Jan responds to a question about a specific movie by noting that she has never heard of it (lines 01-02). After a 2.5 second silence (line 03), Newbie4 takes the opportunity to offer an open greeting token (line 03), the uprising intonation of which may be used as a further means of seeking response (Couper-Kuhlen & Selting, 1996). Unlike the previous excerpts in this section, this greeting is responded to, by Jan (line 05).

Previous research on greeting exchanges suggests that the initial greeter has the right to speak again once his or her greeting has been returned (Schegloff, 1986). However, in this case, Newbie4 does not speak again. One can speculate that, as a new member of the chat room, Newbie4 was waiting for a welcome or an invitation to introduce himself, etc. However, in the ensuing 6.5 seconds (line 06), no participant speaks. After this silence, Jan self-selects and initiates a new topic of discussion, marking it as such (with a turn initial “so”; Bolden, 2009) and directing it to a particular interlocutor (“Cecilgee”). As with the previous excerpts, Newbie4 does not participate verbally again.

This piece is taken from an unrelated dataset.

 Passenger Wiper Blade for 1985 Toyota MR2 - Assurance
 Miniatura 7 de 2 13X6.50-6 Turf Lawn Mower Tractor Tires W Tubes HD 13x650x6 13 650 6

As the analyses in this section have shown, participants admitted into a multi-party chat room do not automatically gain the right to speak, or rather, to be responded to. Depending upon the sequential position of their first verbal contribution, as well as their timing vis-à-vis other participants’ talk, newly-entered chat room members may have trouble becoming an active part of the ongoing talk. As will be seen in the following analysis section, simultaneous, or overlapping, talk is not only a potential trouble-point for newly-joining chat room members, but it is also oriented to by all as something to be avoided.

Trouble Type 2: Speaking One-at-a-Time and Knowing Who is Expected to Speak Next

Once a participant has entered the speaking room and has become a ratified part of the spoken interaction, other forms of potential trouble still exist. One form of potential trouble for all participants is speaking simultaneously. One of the most basic principles in the organization of social interaction is that there is a strong preference for “one-speaker-at-a-time” (Sacks, Schegloff, & Jefferson, 1974). In face-to-face multiparty talk, participants are normally able to draw upon physical resources, such as gaze and embodied conduct, to determine who is speaking, who is about to speak, and also to project when the current speaker is about to stop. However, such resources are not available in the Skypecast chat rooms.

Jenks (2009a) has shown in some detail how participants in Skypecast chat rooms use silence as a resource to manage overlapping, simultaneous talk in multiparty contexts. Excerpt 5 below also shows how overlapping talk can be managed in this setting, albeit on an occasion in which there are only two participants in the chat room. The example is included for illustrative purposes and because it would appear to be connected to the next form of trouble discussed further below.


Having just introduced themselves to one another, and after exchanging pleasantries at lines 01-03, Jan and Sayaka are about to launch into their first topic. At line 05, Jan is apparently about to announce her nationality, which is a typical resource used in the initiation of topic. However, the end of her turn is produced in overlap with something inaudible uttered by Sayaka (line 06).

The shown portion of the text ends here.